Given that the sum of the first 6 terms is 21, we have:
21 = (6/2)(a + l)
Simplifying, we get: 21 = 3(a + l)
Now, let's find the 7th term of the AP.
It is given that the 7th term is 3 times the sum of the 3rd and the 4th term. Let's assume that the common difference is d.
The 3rd term is a + 2d, and the 4th term is a + 3d. Therefore, the sum of the 3rd and 4th term is (a + 2d) + (a + 3d).

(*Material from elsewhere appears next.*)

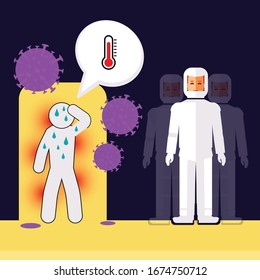 Safety Clothes From All Viruses, never get close to someone who is infected with a virus without safety clothing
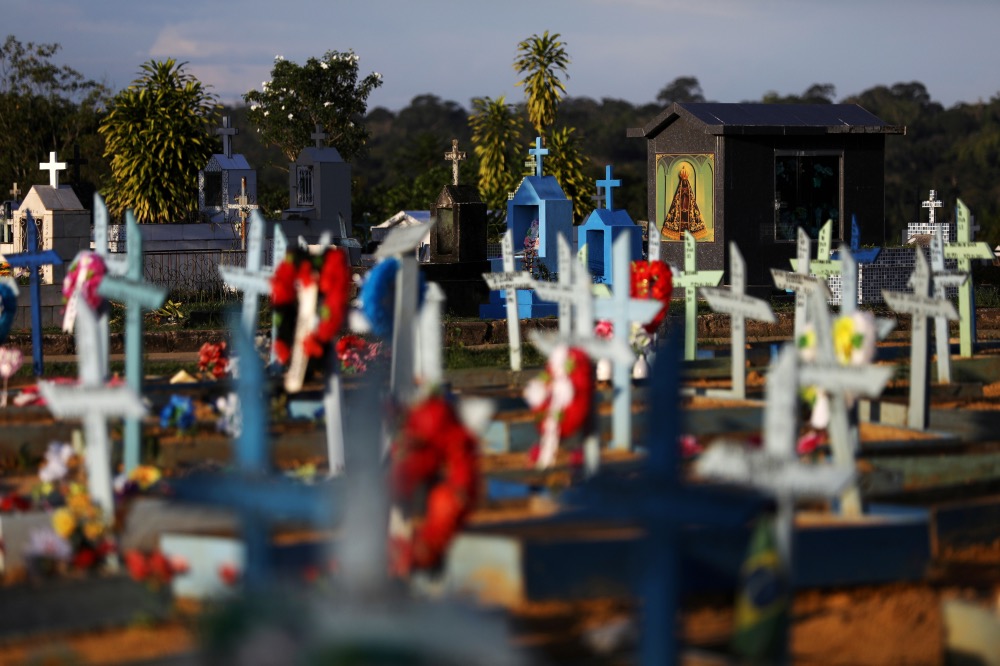 Coronavirus Cemetery in Manaus Brazil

Given that the 7th term is 3 times this sum, we have:
7th term = 3((a + 2d) + (a + 3d))
Now, we can use the fact that the 7th term is also given by the formula for the n-th term of an arithmetic progression:
7th term = a + (7-1)d
= a + 6d
Equating the two expressions for the 7th term, we have:
a + 6d = 3((a + 2d) + (a + 3d))
Simplifying, we get:
a + 6d = 3(2a + 5d)
Further simplification leads to:
a + 6d = 6a + 15d
Rearranging the terms, we get:
6d - 15d = 6a - a
Simplifying, we have:
-9d = 5a
From the given information, we have two equations:
21 = 3(a + l)
-9d = 5a
Now, we can solve these equations simultaneously to find the values of the first term (a) and the common difference (d).
By substituting the second equation into the first equation, we get:
21 = 3(a + l)
-9d = 5(-9d)
21 = 3(a - 9d)
Dividing both sides by 3, we have:
7 = a - 3d
Now, we have two equations:
7 = a - 3d
-9d = 5a
Let's solve these equations together to find the values of a and d.
Multiplying the first equation by 5 and the second equation by 3 to eliminate the common terms, we have:
35 = 5a - 15d
-27d = 15a
Now, subtract the second equation from the first equation, we get:
35 - (-27d) = 5a - 15d - 15a
Simplifying, we have:
35 + 27d = -10a - 15d
Rearranging, we get:
10a = -15d - 27d - 35
Further simplifying, we have:
10a = -42d - 35
Finally, dividing both sides by 10, we get:
a = (-42d - 35)/10
From the given equations, we can substitute the value of a into the second equation to find the value of d.
-9d = 5((-42d - 35)/10)
Simplifying, we have:
-9d = (-210d - 175)/10
Cross-multiply and simplify, we get:
-90d = -210d - 175
Add 210d to both sides, we have:
120d = -175
Dividing both sides by 120, we get:
d = -175/120
Simplifying further, we get:
d = -7/5
Now substitute the value of d back into the first equation to find the value of a.
7 = a - 3(-7/5)
Simplifying, we have:
7 = a + 21/5
Rearranging, we have:
a = 7 - 21/5
Further simplifying, we have:
a = 35/5 - 21/5
a = 14/5
Therefore, the first term (a) is 14/5 and the common difference (d) is -7/5.